La certification des exportations joue un rôle important dans le contexte des échanges du Canada sur le marché international et aide à préserver l'excellente réputation des exportations canadiennes d'aliments, de végétaux, d'animaux et de sous-produits connexes. Les activités d'exportation appuyées par l'Agence canadienne d'inspection des aliments (ACIA) sont importantes. Par exemple, le Canada est le quatrième plus important exportateur de produits alimentaires, ses exportations en 2010 ont été évaluées à $35,4 milliards de dollars. Le marché de l'exportation de produits alimentaires compte près de 350 000 emplois au Canada.

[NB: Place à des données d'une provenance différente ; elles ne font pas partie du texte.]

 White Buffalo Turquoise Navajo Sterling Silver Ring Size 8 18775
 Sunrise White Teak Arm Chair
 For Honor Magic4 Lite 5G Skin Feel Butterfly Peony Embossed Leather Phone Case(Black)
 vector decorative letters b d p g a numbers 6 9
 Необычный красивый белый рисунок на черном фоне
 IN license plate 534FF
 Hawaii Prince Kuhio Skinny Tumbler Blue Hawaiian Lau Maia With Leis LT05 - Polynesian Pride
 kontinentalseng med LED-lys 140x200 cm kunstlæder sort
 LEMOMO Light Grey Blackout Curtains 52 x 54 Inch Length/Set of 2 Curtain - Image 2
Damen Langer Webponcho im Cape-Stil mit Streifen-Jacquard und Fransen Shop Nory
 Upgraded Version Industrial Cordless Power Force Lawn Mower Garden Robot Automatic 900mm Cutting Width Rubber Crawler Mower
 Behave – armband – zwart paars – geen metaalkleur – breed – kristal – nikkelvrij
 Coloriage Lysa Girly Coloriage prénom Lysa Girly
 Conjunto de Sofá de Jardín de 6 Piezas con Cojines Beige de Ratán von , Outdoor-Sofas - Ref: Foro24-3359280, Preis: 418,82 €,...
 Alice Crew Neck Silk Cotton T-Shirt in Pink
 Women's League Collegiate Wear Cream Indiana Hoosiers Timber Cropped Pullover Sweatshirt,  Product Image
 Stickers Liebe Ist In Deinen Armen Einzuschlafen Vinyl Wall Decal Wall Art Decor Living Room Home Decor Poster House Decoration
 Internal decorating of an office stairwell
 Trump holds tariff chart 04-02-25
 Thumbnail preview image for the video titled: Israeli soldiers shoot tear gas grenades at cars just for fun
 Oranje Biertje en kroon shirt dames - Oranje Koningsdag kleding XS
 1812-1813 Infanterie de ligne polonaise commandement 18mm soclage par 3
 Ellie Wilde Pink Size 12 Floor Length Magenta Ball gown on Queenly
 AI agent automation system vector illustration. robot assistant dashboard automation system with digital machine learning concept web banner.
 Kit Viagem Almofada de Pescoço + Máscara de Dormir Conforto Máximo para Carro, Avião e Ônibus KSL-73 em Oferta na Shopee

L'ACIA est reconnue par les gouvernements étrangers comme l'autorité compétente au Canada en ce qui a trait à la réglementation des aliments, des végétaux et des animaux. L'ACIA délivre des certificats d'exportation pour les produits de tous ses secteurs d'activité. Ces certificats d'exportation attestent que les exigences du pays importateur sont respectées.

1.2 Objectif

L'objectif de la vérification était de s'assurer que les certificats d'exportation de l'ACIA sont bien gérés et sont conformes aux lois, politiques, directives et normes qui s'appliquent.

1.3 Portée

La présente vérification portait sur les trois secteurs d'activité de l'ACIA – salubrité des aliments, protection des végétaux et santé des animaux – ainsi que sur la Direction générale des opérations (DGO) et la Direction générale des politiques et des programmes (DGPP), lesquelles réalisent les activités visées. La portée de la vérification englobait tous les centres opérationnels et prévoyait une visite à chacun d'entre eux. La vérification portait sur les certificats d'exportation délivrés entre avril 2010 et septembre 2011.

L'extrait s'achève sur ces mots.